Richard Rogers. Image: Flickr.com British Library Series

Richard Rogers: Pompidou and Millennium Dome architect dies aged 88

Culture News

The Italian-British architect Richard Rogers died on Saturday aged 88. He changed the London skyline with creations such as the Millennium Dome and the Cheesegrater.

Richard Rogers worked alongside Renzo Piano on the French cultural centre “Georges Pompidou”.  He died on Saturday aged 88.

Rogers, who changed the London skyline with distinctive creations such as the Millennium Dome and the ‘Cheesegrater’, “passed away quietly” Saturday night. His son Roo Rogers confirmed his death to the New York Times, but did not give the cause.

Italian born architect

The Italian-born architect won a series of awards for his designs, including the 2007 Pritzker Prize. He was one of the pioneers of the “high-tech” architecture movement, which incorporated industrial materials such as glass and steel into structures.

Alongside, Renzo Piano, he created France’s Pompidou Centre. Famed for its  multi-coloured, pipe-covered façade, Rogers later said he couldn’t dream of designing it now.  

Pompidou Centre

Born in Florence in 1933, his father was a doctor, his mother a former pupil of Irish writer James Joyce. The family fled the dictatorship of Mussolini, settling in England in 1938. London was miserable. The family had been comfortably middle-class in Italy, but the relocation reduced them to a single-room flat.

“Life had switched from colour to black-and-white,” Rogers recalled in his 2017 autobiography A Place for all People.

Rogers was dyslexic and he left school in 1951 with no qualifications. However, he managed to gain entry into London’s Architectural Association School. He completed his architecture studies at Yale in the United States in 1962, where he met fellow British architect Norman Foster.

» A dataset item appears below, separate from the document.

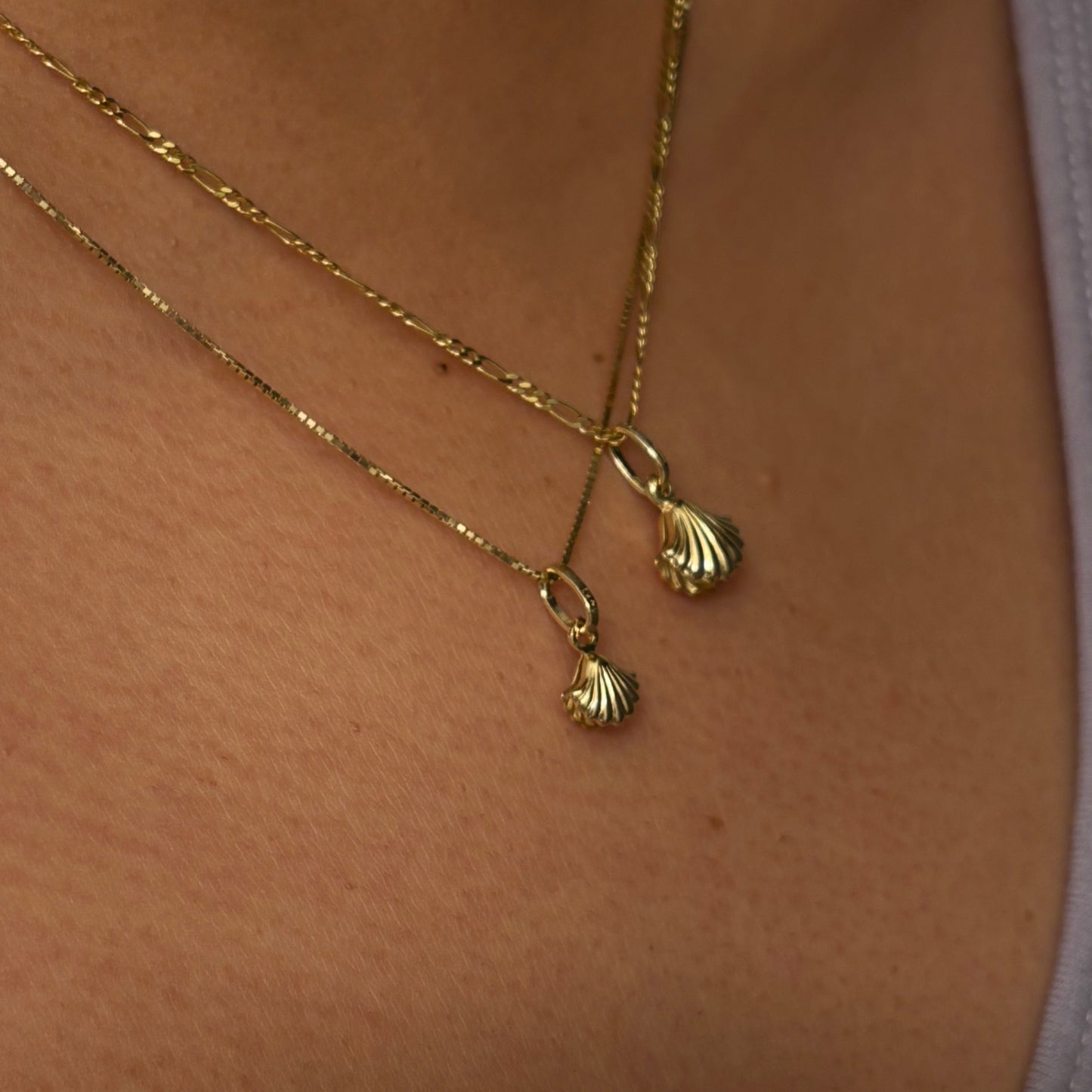 14K Gold Clamshell with Pearl Charm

Having become Lord Rogers of Riverside, the architect sat in the House of Lords, as a Labour peer.

Richard Rogers’ designs

Rogers’ other well-known designs include Strasbourg’s European court of human rights and the Three World Trade Center in New York, as well as international airport terminals in Madrid and London’s Heathrow.

Rogers insisted it was the space around buildings that was key in defining those that worked. “The two can’t be judged apart,” he told the Guardian in 2017. “The Twin Towers in New York, for instance. They weren’t great buildings, but the space between them was.”